The U.S. House of Representatives yesterday passed a bill to create a nonpartisan commission to investigate the attempted insurrection on January 6th of this year, which national and Texas Republicans immediately sought to politicize.
The bill, which passed the House on a 252-175 vote that drew bipartisan support from over 30 Republicans, only netted two votes from Republican members of Congress in Texas: Rep. Anthony Gonzales and Rep. Van Taylor joined the group of Republicans voting in favor of the commission, which was negotiated by Republican Rep. John Katko of New York and Democrat Bennie Thompson of Mississippi.
The legislation was supported by every Democrat in the chamber, but Republican leadership, led by Minority Leader Kevin McCarthy of California, was apparently working behind the scenes in an effort to avoid the ire of former President Donald Trump.
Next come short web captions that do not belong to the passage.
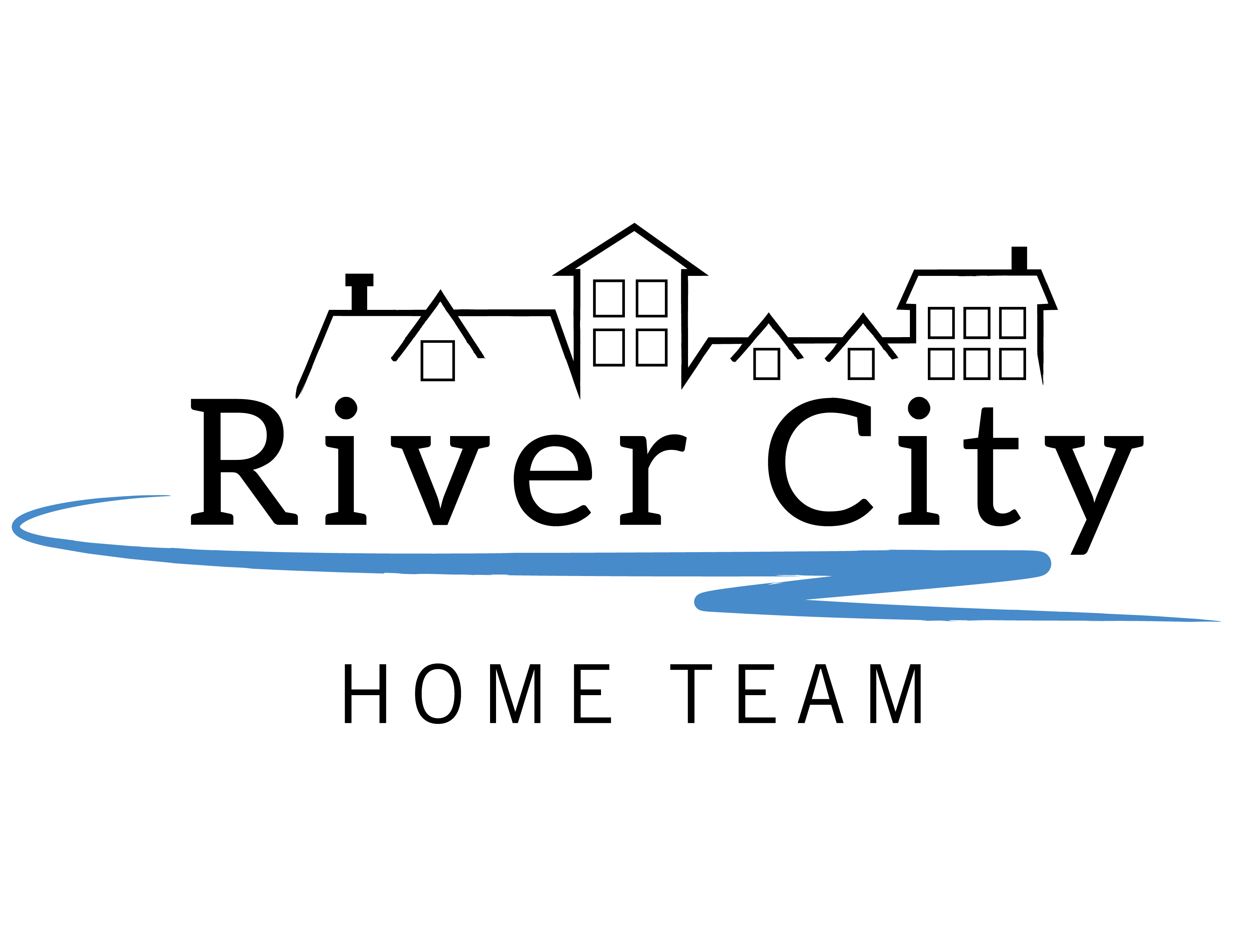 River City Home Team logo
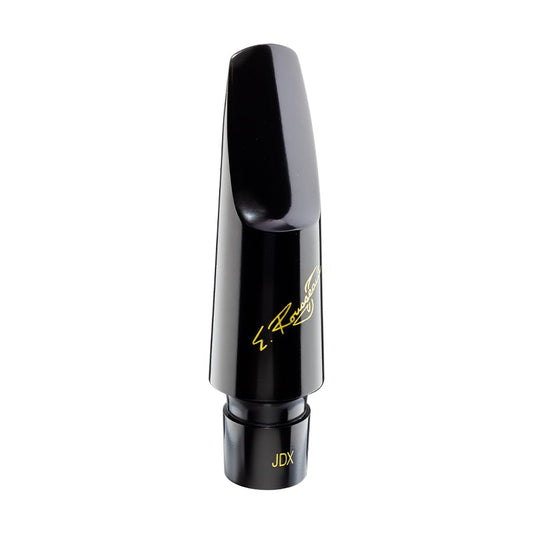 Rousseau Jazz JDX Series Baritone Sax Hard Rubber Mouthpiece DISCONTINUED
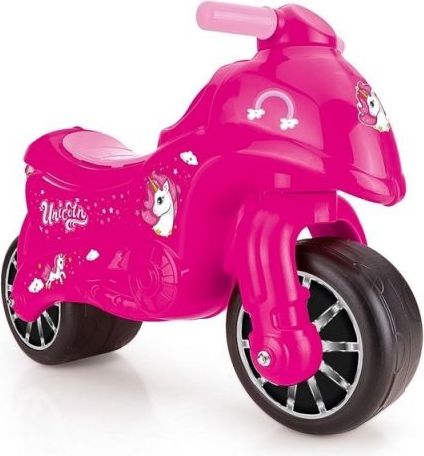 DOLU Odrážedlo motorka, jednorožec - obrázek 1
Senate Minority Leader Mitch McConnell has telegraphed the rough path to passage the bill has in the U.S. Senate, with the Kentucky Republican already announcing that he’ll vote no, and likely whip his members to do the same.
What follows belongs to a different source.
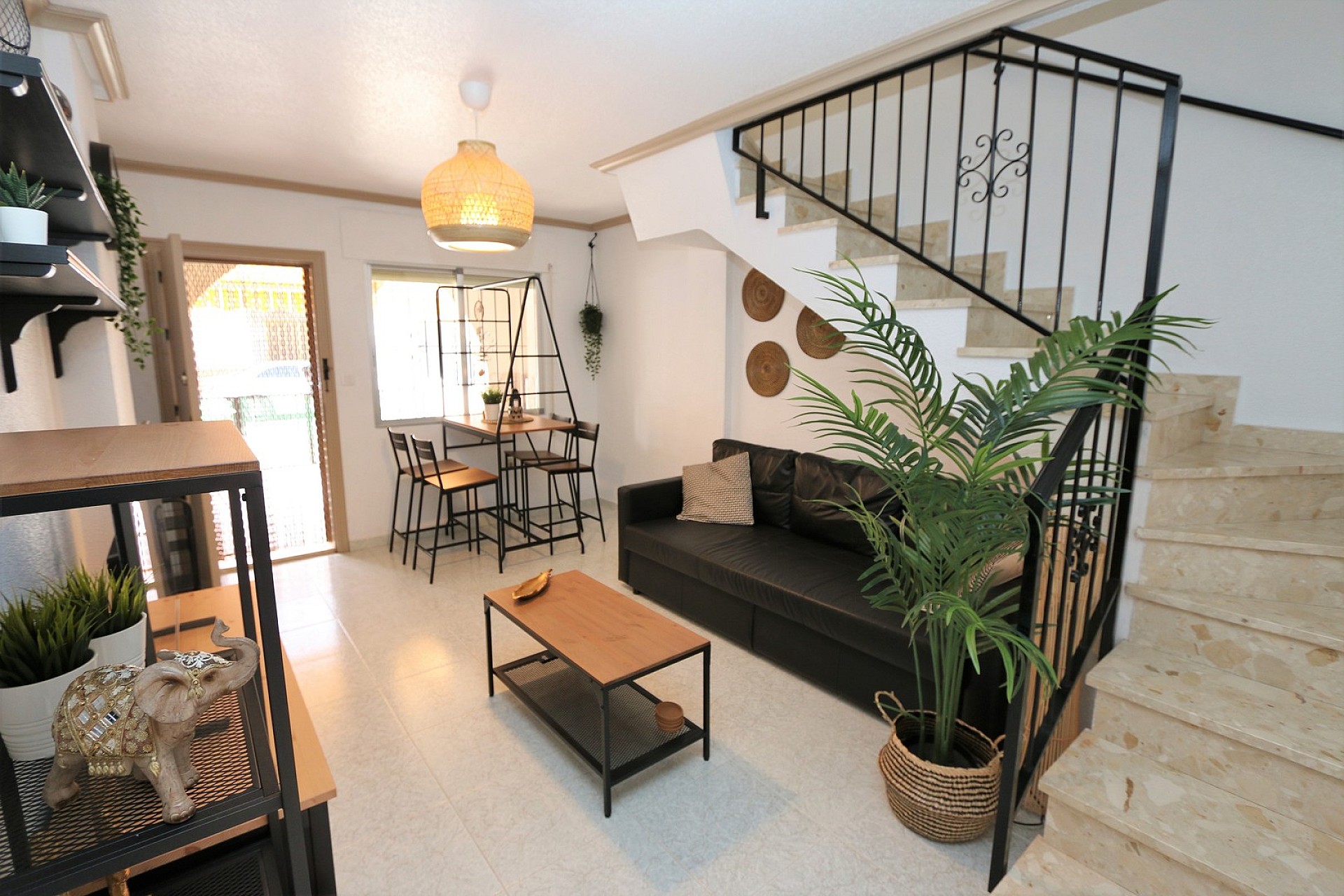 2 Bed, 2 Bath, HouseFor Sale, San Pedro Del Pinatar, Murcia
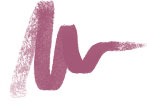 INIKA Sugar Plum Lip Pencil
This could pose an interesting conflict of interest, as several of the Republicans that could vote no in the Senate may also be subject to the commission’s investigation. Senator Ted Cruz from right here in Texas and Senator Josh Hawley of Missouri were two of the most vocal and active public figures stoking the Big Lie that the 2020 election was stolen, with the pair speaking at rallies and saluting protestors in the lead up to the insurrection.
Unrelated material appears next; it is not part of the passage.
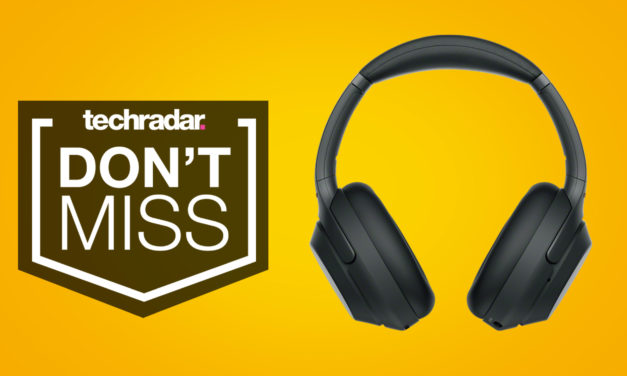 Snag a pair of Sony’s most popular headphones and save AU$103!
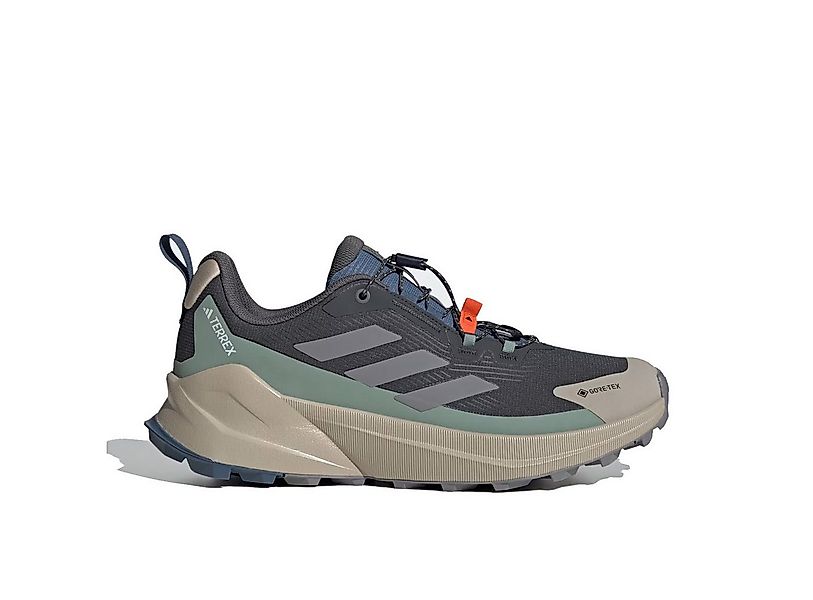 adidas Performance adidas Terrex Trailmaker 2 GTX Herren Carbon Grey Silver günstig online kaufen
The claims being pushed by McCarthy and McConnell about the commission being a partisan witch hunt are just the latest in a desperate attempt to deflect blame for the deadly insurrection and white wash the involvement of Trump and national Republicans in spreading the lies that led to the violent clash between an angry mob of Trump supporters and law enforcement protecting the capitol as Congress met to certify Joe Biden’s electoral college win.